Original Facebook post Sunday, August 19, 2018.
To My Grand Pals, Edison, Winston and Lucie,
Since you are all little right now, you probably won't be reading this until you get a lot older. And by then, I'm guessing that things like video streaming and the internet have been replaced by something even more advanced and mind boggling. If that's the case, then this post about the last Blockbuster in the world that I just saw on my road trip to Bend, Oregon will be really ancient history to you. But since it represents something that was very important to your parents and grandparents, I thought I should tell you a little bit about it.
Blockbuster video was started in 1985, just a few months after your Mom was born. By 2004, it grew to over 9000 stores worldwide and employed over 84, 000 people. What made this unprecedented growth possible was that Blockbuster offered something brand new for many of us - a place where we could drive to and pick from a great selection of top rated movies on video cassette to rent for the night. And by the way, your Mom's favorite video cassette was a movie called E.T.. She must have watched it at least a hundred times and made me watch it with her almost as many.
Now if you are wondering what a "video cassette" is, I'll give you a little background. Video tape was a digital format recording on a magnetic tape, which incidentally was the first time in history that we could see something immediately that had just happened. A company named Sony introduced the first video cassettes in 1969, which was the same year a concert called Woodstock was held in upstate New York. The video cassette movies weren't always smooth and sometime's the tape would break or unspool. But we were so excited about the fact that we could have a movie play on the bulky home machines we bought, we gladly put up with it.
With the rapid advances in technology, video cassettes were soon replaced by round metallic digital optional storage units called DVDs. Blockbuster began carrying them too, but many of us were weary of them. Eventually, we all caved in and bought home devices called DVD players that could play them. However, in 1997 a company named Netflix began doing what most of us thought was impossible - streaming movies on demand right to our homes over the internet. And once that caught on, the days of Blockbuster were numbered.

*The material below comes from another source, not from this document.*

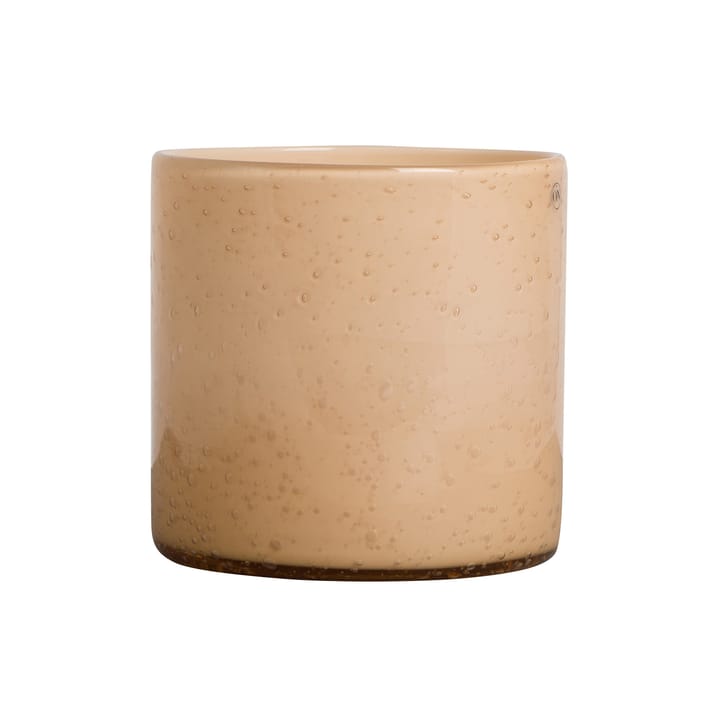 Calore fyrfadsstage/vase M Ø15 cm - Peach - Byon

So with all that said, here's what Blockbuster did that made such an impact on us. For the first time ever, we could go down to our local store and rent a movie that we'd heard about for months. If we had cute little ones - like you three are right now - we could make some popcorn and watch the movie or cartoon as a family. And if Mom and Dad managed to stay up later, they too could enjoy a movie they might never get to see. So it was a great way to spend family time together.
In closing, I hope that whenever you are reading this that we still have those treasured moments to share in life together, no matter how technology brings them to us. Because in the end, it isn't about entertainment, it's about love.